To deploy this script on OpenShift, you will need to use a python cartridge with an added cron cartridge, then you need to clone the source code to ~/app-root/runtime/repo
OpenShift can do most of these steps automatically for you. Step by step guide is as follow:
- Go to [OpenShift application console] (https://openshift.redhat.com/app/console/applications), select Add Application to create a new gear
- Select Python (2.7 recommended) on the cartridge selection page
- Enter a public domain for your app or use default, select an appropriate gear
- On source code field, enter
https://github.com/trananhtuan/vietnamworks_crawler
leave branch empty (or enter the branch you want to use). Click Create Application and wait for OpenShift to create your gear
- Go back to [OpenShift application console] (https://openshift.redhat.com/app/console/applications), select your newly created gear
- On the application management page, select "see the list of cartridges you can add" and select Cron to add cron cartridge to your gear
- Go to your application domain to check
To deploy to an existing python gear (python 2.7 recommended), please follow the following steps:
- Go to OpenShift application console and add cron to your gear
- Bare-clone and mirror-push the source code to your gear
git clone --bare https://github.com/trananhtuan/vietnamworks_crawler
cd vietnamworks_crawler.git
git push --mirror ssh://APP_USERNAME@APPNAME-DOMAIN.rhcloud.com/~/git/tmp.git/
cd ..
rm -rf vietnamworks_crawler.git
- Go to your application domain to check
RSS will be ready as the cron runs for the first time. By default, a cron job runs hourly to crawl new pages.

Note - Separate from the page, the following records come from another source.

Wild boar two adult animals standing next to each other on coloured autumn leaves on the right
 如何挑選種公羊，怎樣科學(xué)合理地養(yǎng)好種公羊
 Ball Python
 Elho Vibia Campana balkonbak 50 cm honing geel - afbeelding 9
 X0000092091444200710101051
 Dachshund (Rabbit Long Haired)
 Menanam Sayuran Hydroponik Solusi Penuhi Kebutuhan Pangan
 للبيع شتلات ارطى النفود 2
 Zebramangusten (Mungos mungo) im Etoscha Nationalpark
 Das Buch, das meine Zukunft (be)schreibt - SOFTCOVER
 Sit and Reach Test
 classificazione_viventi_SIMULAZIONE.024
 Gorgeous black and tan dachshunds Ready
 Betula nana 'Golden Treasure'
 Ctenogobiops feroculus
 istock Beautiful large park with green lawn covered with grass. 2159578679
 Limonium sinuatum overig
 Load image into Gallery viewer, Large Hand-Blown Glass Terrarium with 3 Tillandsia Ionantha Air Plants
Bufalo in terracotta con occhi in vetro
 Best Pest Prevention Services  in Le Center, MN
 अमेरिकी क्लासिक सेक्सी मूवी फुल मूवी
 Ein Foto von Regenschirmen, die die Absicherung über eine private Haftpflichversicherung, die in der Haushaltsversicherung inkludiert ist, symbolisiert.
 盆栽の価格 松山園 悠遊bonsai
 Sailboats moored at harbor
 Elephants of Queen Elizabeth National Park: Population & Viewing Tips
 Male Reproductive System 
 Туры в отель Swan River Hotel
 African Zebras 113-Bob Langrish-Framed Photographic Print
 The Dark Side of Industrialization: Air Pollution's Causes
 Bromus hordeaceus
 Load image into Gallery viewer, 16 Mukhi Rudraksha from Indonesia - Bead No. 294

With scrapy installed, go the project home folder and execute:
git clone https://github.com/trananhtuan/vietnamworks_crawler
cd vietnamworks_crawler
scrapy crawl vietnamworks
In order to avoid crawled pages between runs (ie. cron), append "-s JOBDIR=cache" to the last command
scrapy crawl vietnamworks -s JOBDIR=cache
By default, scraped items are saved in jobs.sqlite
Feel free to modify and make your commits